Donc, je suis attachée de conservation au Musée national d’art moderne. C’est un métier, d’abord, qui est de prendre soin de la collection. On a une collection de 120 000 œuvres, qui est la deuxième plus importante au monde en art moderne. Collections absolument faramineuses que j’aime de tout mon cœur. J’ai d’abord été éditeur, dans un premier temps, pendant 8 ans, puis j’ai passé 12 ans au cabinet d’art graphique. Vraiment, le dessin, c’est quelque chose qui est le cœur de mon métier. Avec des artistes sur lesquels j’ai travaillé, qui vont être plutôt Artaud, Michaux, Nicolas de Staël, et puis récemment Picasso, puisque j’étais commissaire de la grande exposition Picasso juste avant celle-ci.

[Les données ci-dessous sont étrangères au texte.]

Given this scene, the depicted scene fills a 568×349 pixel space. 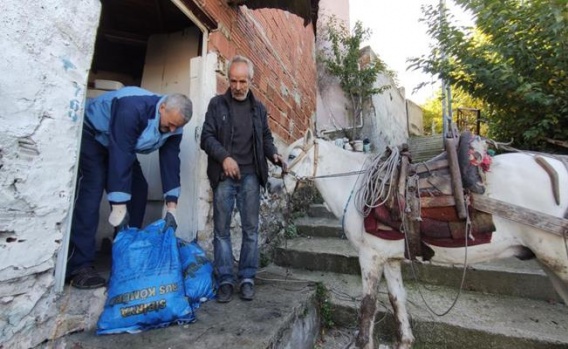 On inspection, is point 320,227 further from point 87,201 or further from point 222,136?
point 87,201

Actuellement, je suis au département des collections modernes. C’est protéger ce patrimoine et c’est aussi le diffuser par des expositions, par des catalogues. C’est un métier de recherche, c’est un métier d’écriture —c’est peut-être la partie qui me passionne le plus, quoique le moment de l’accrochage est vraiment l’acmé d’un projet pour moi.

Photo prises dans l’expo / ©Thomas Mourier

Tout à l’heure, on parlait du point de départ des années 60, mais vous avez quand même quelques planches des précurseurs dans l’expo La bande dessinée au Musée où vous êtes également commissaire Anne. C’était une manière de présenter quand même McKay, Herriman, Calvo, Eisner ? Est-ce que sont les mêmes personnes qui visitent les 2 expos ? 

Anne Lemonnier : Ça m’intéresse beaucoup, j’aime énormément me promener à l’étage du musée. Pour nous qui y travaillons, c’est notre maison, vraiment.

Et l’étage moderne des collections est tout à fait propice à exposer ses 6 grands maîtres, ça commence avec le fauvisme, 1905 en gros, qui ouvre la galerie et se clôture avec le pop dans les années soixante. La place de McManus, McKay, Herriman advient de manière pertinente chronologiquement parlant, dans le voisinage. C’est quand même extraordinairement intéressant de voir Herriman non loin de la salle du Bauhaus.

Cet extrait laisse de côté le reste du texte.